STEP FOUR: As a final step, I inversed the selection again, used the Dodge tool to lighten the birds’ faces and necks, and applied a Hue/Saturation adjustment layer to boost the colors in the birds. 

As long as we’re talking about questions and answers, I’d like to insert a Photoshop joke here: “How many Photoshop instructors does it take to change a lightbulb?” Answer: “Ninety-nine, and one to screw it in.” The point of this joke? There are many ways to reach the goals you want to achieve in Photoshop. 


Here’s another “keeper” from my Myakka shoot. Honestly, I call this a “Dumb Luck” shot because of the ballerina-like position of the beautiful bird’s wings. (Scott Kelby calls this a “Getting Even Shot,” that is, getting even for all the times we go out as photographers and everything seems to work against us, such as light, weather, and subject.) What added to my “luck,” however, was being prepared with the right gear for fast-paced action (a Canon EOS R3 with a Canon RF100–500mm lens), and observing the bird’s behavior, which as KelbyOne instructors Juan Pons and Moose Peterson know is key to getting good wildlife photographs. 

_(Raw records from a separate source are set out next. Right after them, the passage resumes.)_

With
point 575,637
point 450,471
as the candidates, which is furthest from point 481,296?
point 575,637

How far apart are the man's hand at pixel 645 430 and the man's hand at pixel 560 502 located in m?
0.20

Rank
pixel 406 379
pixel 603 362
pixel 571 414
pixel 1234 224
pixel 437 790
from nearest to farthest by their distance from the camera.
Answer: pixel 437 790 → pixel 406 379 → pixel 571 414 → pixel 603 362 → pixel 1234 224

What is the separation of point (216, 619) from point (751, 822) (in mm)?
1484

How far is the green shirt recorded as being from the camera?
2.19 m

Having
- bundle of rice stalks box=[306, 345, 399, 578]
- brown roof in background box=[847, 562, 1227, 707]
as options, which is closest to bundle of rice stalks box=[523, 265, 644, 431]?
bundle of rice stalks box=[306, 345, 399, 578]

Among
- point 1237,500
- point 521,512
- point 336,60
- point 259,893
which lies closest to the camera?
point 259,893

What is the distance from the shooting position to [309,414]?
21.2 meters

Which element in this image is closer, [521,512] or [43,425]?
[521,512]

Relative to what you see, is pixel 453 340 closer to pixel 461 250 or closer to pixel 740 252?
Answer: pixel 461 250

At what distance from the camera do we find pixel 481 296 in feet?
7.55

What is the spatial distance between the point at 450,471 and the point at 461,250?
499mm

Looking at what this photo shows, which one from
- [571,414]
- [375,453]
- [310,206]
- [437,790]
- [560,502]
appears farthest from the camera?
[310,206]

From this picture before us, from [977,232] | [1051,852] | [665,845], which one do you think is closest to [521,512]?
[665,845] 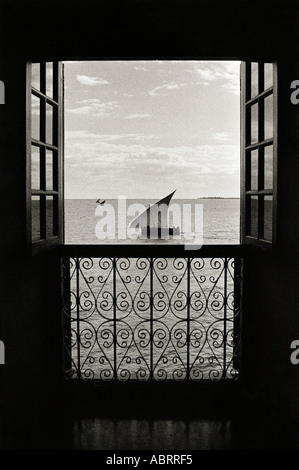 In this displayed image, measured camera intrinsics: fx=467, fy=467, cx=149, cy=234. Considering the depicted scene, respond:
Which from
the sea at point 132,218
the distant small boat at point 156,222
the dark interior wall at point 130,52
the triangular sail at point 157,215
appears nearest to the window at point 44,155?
the dark interior wall at point 130,52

The original image has many of the same problems as the previous straight-out-of-the-camera shot. After I made similar adjustments, I found myself questioning the mood (due to the dull brownish water) of the image, as mood matters most in photographs. 

To change the mood, I changed the Color Balance (Image>Adjustments>Color Balance) by boosting Blue and Cyan. Yes, the egret took on a bluish cast, which I like because the end-result picture looks as though it could have been taken at night. 

As a final step, I used the Dodge tool to lighten the bubbles behind the magnificent bird. 


Here’s a favorite photo safari image. It captures an intimate moment between a mommy cheetah and her cute cubs. 

The original has one main problem: the animals are backlit and in the shade, resulting in a flat picture with little contrast and color. 

In looking at the original I asked myself these questions:

  • How can I convey that intimate moment most effectively? Cropping for a close-up was the answer. 
  • How can I fix the lighting? Adding Contrast and Vibrance in Camera Raw was the solution. 
  • How can I get a clearer image? Surprisingly, Dehaze in Camera Raw was the answer. 
  • How can I create a nice mood? Applying the Duplex filter in Nik Color Efex did the trick. 
  • How can I draw more attention to the animals? Applying the Darken/Lighten filter in Nik Color Efex let me achieve that goal. 

Well, my friends, have fun working and playing in Photoshop. Don’t delete. Remember that reality leaves a lot to the imagination, so enjoy your adventures in Photoshop.